As such, monumental installations of Katharina Grosse can be situated in-between the American Land Art movement and the late 19th century German romanticism. Occupying liminal territories of an interior (institutional space) and an exterior (public space), and often integrating natural materials (trees, rocks, soil, etc.), her often large-scale architectures are hybrids that reach beyond the divide of nature and culture. They create a space of co-habitation of human and non-human, organic and non-organic, the natural and the artificial, leading towards a subjective anthropology for a world in an ecological decline.
Katharina Grosse was born in 1961 in Freiburg, Germany, and now lives and works in Berlin. She studied at Kunstakademie Düsseldorf, Germany, and Kunstakademie Münster, Germany. Since the late 1990s, Grosse has worked almost exclusively with industrial spray guns in lieu of brushes, applying vibrant fields of atomized acrylic to virtually any available surface. “I use all sorts of tools - Grosse explains her method of working - from my hands to my fingers to tiny brushes to rough household bristle brushes or rollers. I like to get in direct contact with the surface. With the spray gun, it is in the air, off the surface, loose. It shoots paint through the air with air like a 3D paint machine body wired to my brain. The spray gun got my attention exactly at the time when I wanted to begin painting on multidimensional surfaces. The paint supply of the loaded gun is incredibly generous and the air pressure amplifies your reach and accelerates your movements. This means I can make more happen in less time.

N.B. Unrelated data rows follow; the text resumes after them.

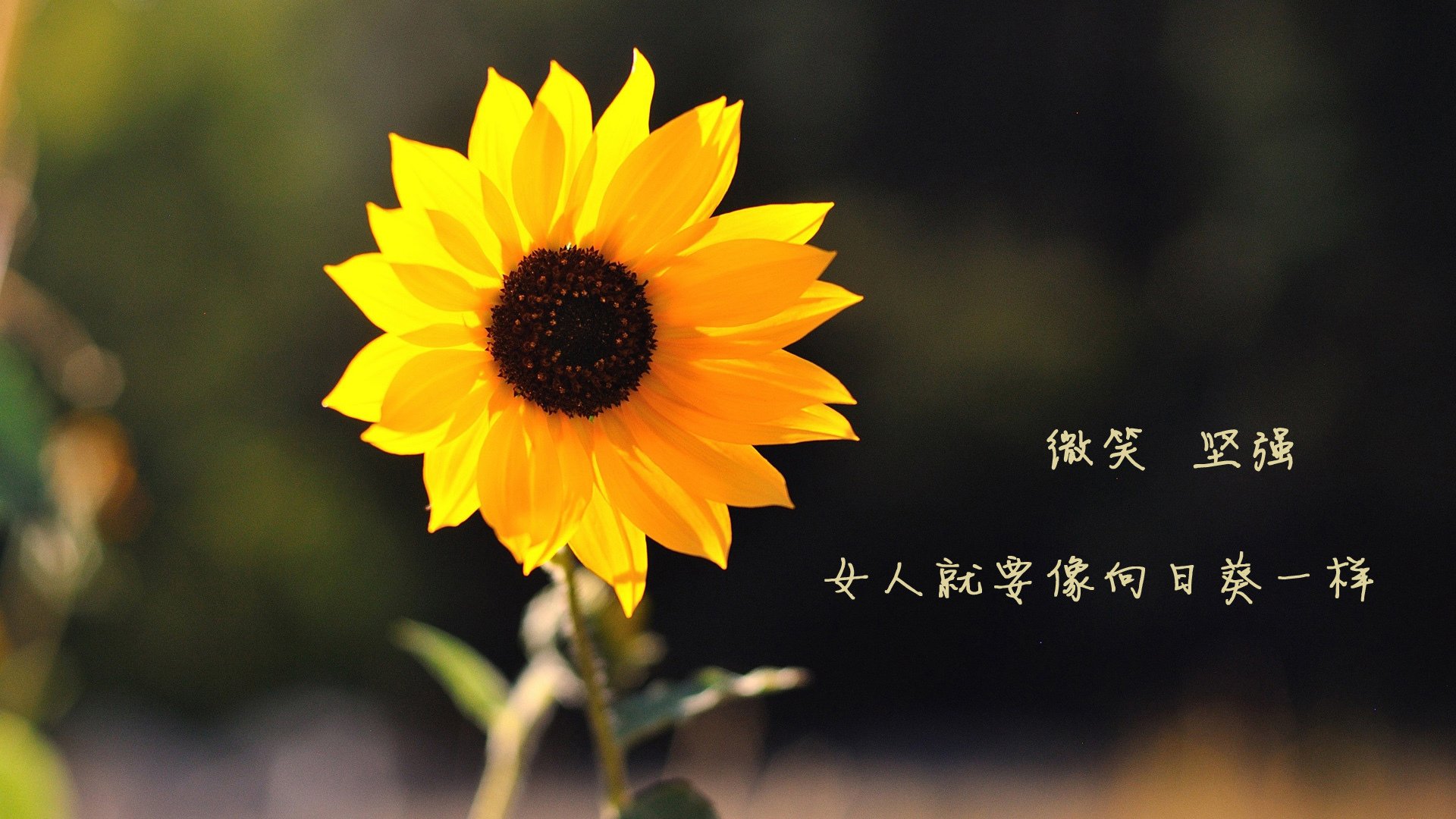 比赛最后三分钟节奏控制是否重于得分效率，最后三分钟表演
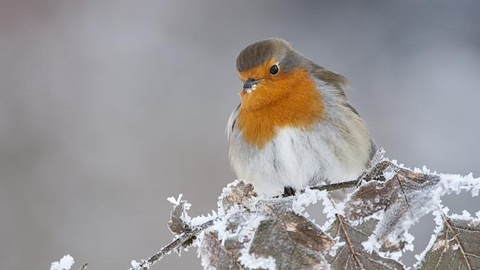 snowy robin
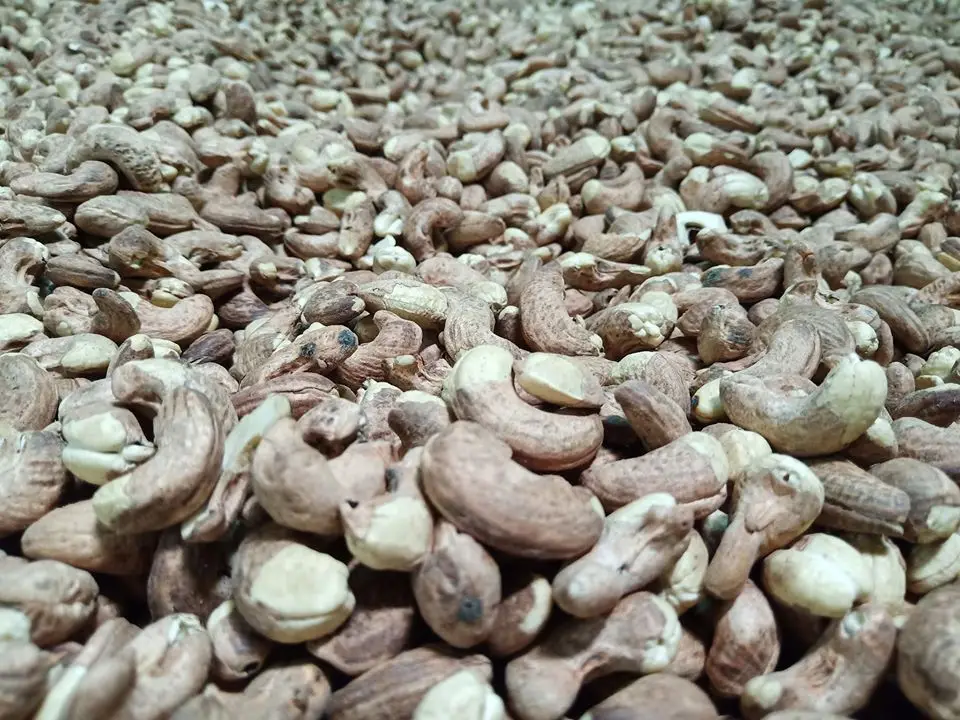 
Dried Cashew Nut Without Shell Raw Seeds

It really is like a synthetic organ that can touch and encompass space and shrink distances. The infinite line. The expanding body. It allows me to approach situations with enormous thrust and positive aggression”.
Katharina Grosse’s work has been featured in international solo and group exhibitions, as well as major arts projects and biennials. Her most recent site-specific installations include Rockaway! for MoMA PS1’s “Rockaway!” program (2016), Untitled Trumpet for the 56th Biennale di Venezia (2015), and psychylustro, Mural Arts Philadelphia (2014). Notable solo exhibitions include “Constructions à cru,” Palais de Tokyo, Paris (2005); “Atoms Outside Eggs,” Serralves, Museu de Arte Contemporânea, Porto (2007); “Hello Little Butterfly I Love You What’s Your Name,” ARKEN—Museum for Moderne Kunst, Copenhagen (2009); “Two younger women come in and pull out a table,” De Pont Museum of Contemporary Art, The Netherlands; “WUNDERBLOCK,” Nasher Sculpture Center, Dallas both (2013); “yes no why later,” Garage Museum of Contemporary Art, Moscow (2015); Museum Frieder Burda, Germany (2016); “This Drove My Mother Up the Wall”, South London Gallery (2017); the Schwartz Carriageworks, Sydney (2018).
Katharina Grosse's exhibition in the National Gallery in Prague is accompanied by a publication with contributions by Chantal Mouffe, Elisabeth Lebovici, Ulrich Loock and Michal Nanoru and a curatorial introduction by Adam Budak.